Labour and childbirth is the process whereby the fetus and placenta are expelled from the uterus by coordinated myometrial contractions. The reason why labour starts remains obscure in spite of much research and many theories. When this is elucidated it should be possible to prevent premature labour, with its increased perinatal mortality and morbidity.

For labour to commence two things have to occur: the onset of coordinated uterine contractions and the softening of the uterine cervix. The critical factor for the increase in uterine activity is the rise in intracellular calcium, which activates phosphorylation of myosin and the creation of cross-bridges with actin, which results in the contraction of the myometrial cell. The cervical changes are due to a breakdown in collagen owing to the release of metalloproteinases and an increase in the water content. Prostaglandins and leukotrienes are involved in these physiological changes.

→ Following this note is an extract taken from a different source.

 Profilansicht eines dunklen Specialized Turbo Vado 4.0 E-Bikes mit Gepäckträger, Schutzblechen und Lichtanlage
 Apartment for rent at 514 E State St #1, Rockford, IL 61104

The fetus then has to negotiate the birth canal, propelled by contractions of the uterus. Factors that can delay or prevent this are:

THE PASSAGES

Bony pelvis

The bony pelvis is made up of four bones, the two innominate bones, the sacrum and the coccyx, united at three joints. When a woman stands erect, the pelvis is tilted forward. The pelvic inlet makes an angle of about 55 ° with the horizontal. The angle varies between individuals and between races; for example, black Africans have a lesser angle. An angle of more than 55 ° may make the descent of the fetal head into the pelvis difficult (Fig. 7.1).

The ‘true’ pelvis is bounded by the pubic crest, the iliopectineal line and the sacral promontory. An ‘ideal obstetric’ pelvis is described in Box 7.1 and the brim is shown in Figure 7.2. The true pelvis is cylindrical in shape, with a bluntly curved lower end, and is slightly curved anteriorly. Anteriorly the pubic bones form its boundary, measuring 4.5 cm. Posteriorly, the curve of the sacrum forms its boundary, measuring 12 cm. Laterally its walls narrow slightly distally (Fig. 7.3). The walls are penetrated by the obturator foramen anteriorly and the sciatic foramen laterally, which is divided into two parts by the sacrospinous and sacrotuberous ligaments.

Box 7.1 The ideal obstetric pelvis

Brim Round or oval transversely
No undue projection of the sacral promontory
Anterior–posterior diameter 12 cm
Transverse diameter 13 cm
The plane of the pelvic inlet not less than 55 °
Cavity Shallow with straight side-walls
No great projection of the ischial spines
Smooth sacral curve
Sacrospinous ligament at least 3.5 cm
Outlet Pubic arch rounded
Subpubic angle > 80 °
Intertuberous diameter at least 10 cm

For descriptive purposes the true pelvis can be divided into four zones. These are shown in Figure 7.4. The measurements of the zone of the inlet are shown in Figure 7.2. The zone of the cavity is wedge-shaped in profile and almost round in section. It is the most roomy part of the true pelvis, the anterior–posterior diameter measuring 13.5 cm and the transverse diameter 12.5 cm.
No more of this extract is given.